# Exercise prompt:
Please set out each line below exactly as it stands, without the images.

# Data provided:
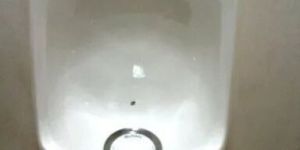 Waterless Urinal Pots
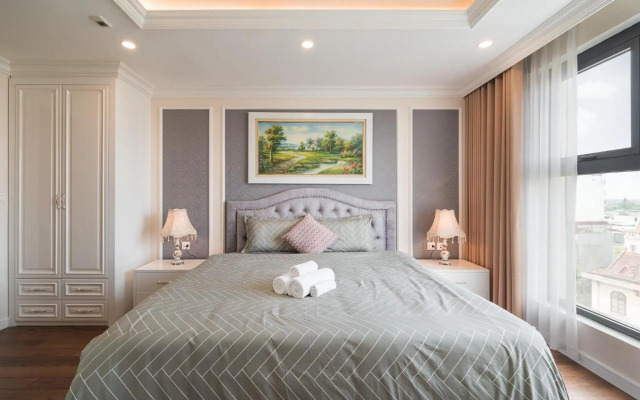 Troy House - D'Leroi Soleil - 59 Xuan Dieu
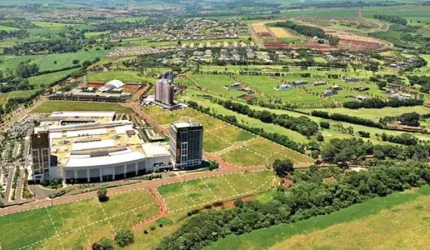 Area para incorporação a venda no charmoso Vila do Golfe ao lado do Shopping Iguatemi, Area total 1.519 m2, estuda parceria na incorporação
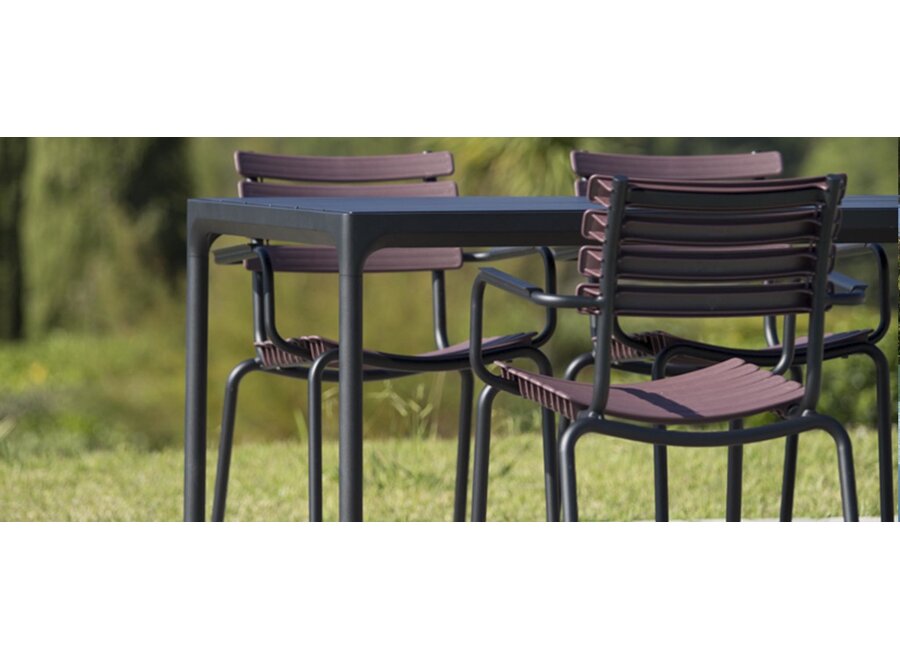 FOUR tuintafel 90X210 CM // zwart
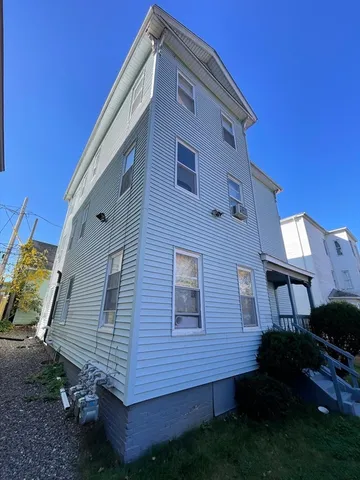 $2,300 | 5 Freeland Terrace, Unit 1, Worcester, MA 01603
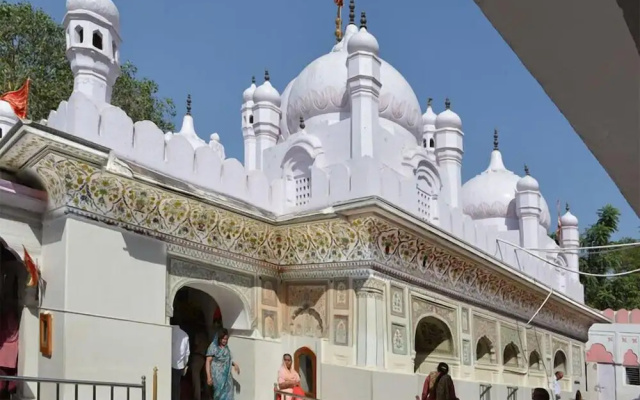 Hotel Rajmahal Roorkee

# Expected answer:
 Waterless Urinal Pots
 Troy House - D'Leroi Soleil - 59 Xuan Dieu
 Area para incorporação a venda no charmoso Vila do Golfe ao lado do Shopping Iguatemi, Area total 1.519 m2, estuda parceria na incorporação
 FOUR tuintafel 90X210 CM // zwart
 $2,300 | 5 Freeland Terrace, Unit 1, Worcester, MA 01603
 Hotel Rajmahal Roorkee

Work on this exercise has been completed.